Novel View Synthesis with Depth Reprojection

Detection, Video & Advanced Vision DS practice problem on Onlearn.

Difficulty: medium.

Topics: Novel View Synthesis with Depth Reprojection, Epipolar Constraints, Homography Matrix, Bilinear Interpolation, Depth Map Estimation, Camera Intrinsic Calibration, Computer Vision, Differential Geometry, Numerical Optimization, Signal Processing, Linear Algebra, Multi-View Geometry, Differentiable Rendering, Photogrammetry, Image Warping, Feature Correspondence.

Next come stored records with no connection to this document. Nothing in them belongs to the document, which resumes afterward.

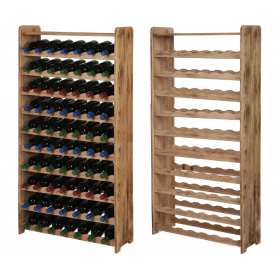 Dębowy Regał na Wino z Półką RW-22/70 butelek/ Opalany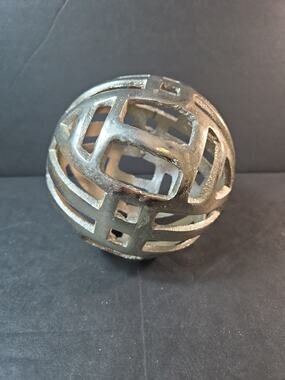 Modern Geometric Metal Orb Sphere Sculpture Home Decor Accent Silver 4" Diameter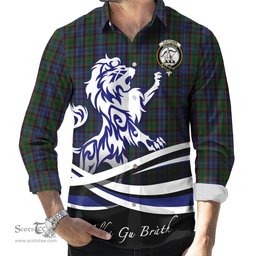 ScotsTee Shop Scottish Fletcher Clan Crest Tartan Alba Gu Brath Regal Lion Emblem Long Sleeve Shirt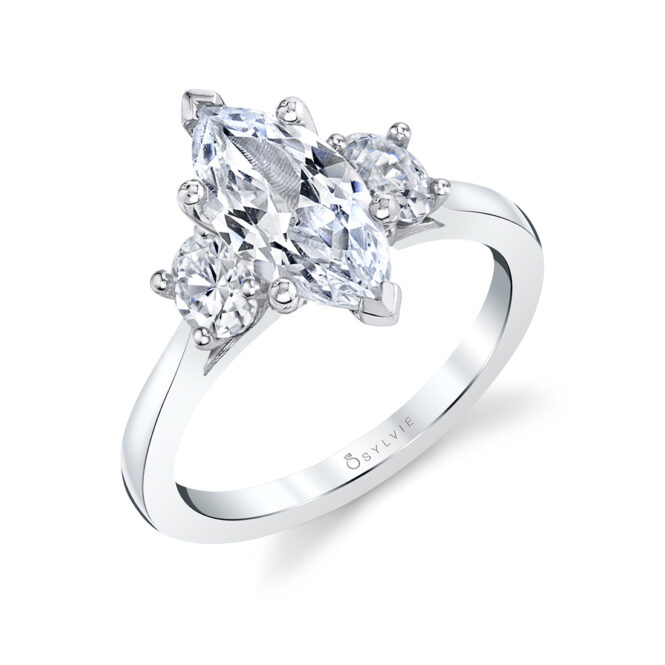 marquise engagement ring with oval side stones in white gold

Task: Novel View Synthesis via Depth Based Reprojection A core technique in 3D computer vision is synthesizing how a scene would look from a different camera viewpoint, given a single source image and its per pixel depth map. This is known as novel view synthesis via depth reprojection. The idea is: if you know the depth at every pixel, you can lift each pixel into 3D space, apply a rigid camera transformation, and project the 3D point onto a new image plane. Your Task Implement the function novel view synthesis(source image, depth map, K src, K tgt, R, t) that: 1. Takes a source image of shape (H, W, C), a depth map of shape (H, W), source and target camera intrinsic matrices K src and K tgt (both 3x3), a rotation matrix R (3x3), and a translation vector t (3,). 2. For each source pixel (u, v) with positive depth d: Computes the corresponding 3D point in the source camera frame Transforms that point into the target camera frame using R and t Projects it onto the target image plane using K tgt Maps the nearest integer pixel coordinate in the target image 3. Uses a depth buffer (z buffer) to handle occlusions: when multiple source pixels project to the same target pixel, the one with the smallest depth in the target frame should be kept. 4. Pixels with zero or negative depth should be skipped. Points that land behind the target camera (non positive z after transformation) should also be skipped. 5. Returns the synthesized target image of shape (H, W, C) as a float array initialized to zeros. Use int(round(...)) for converting projected floating point coordinates to integer pixel positions.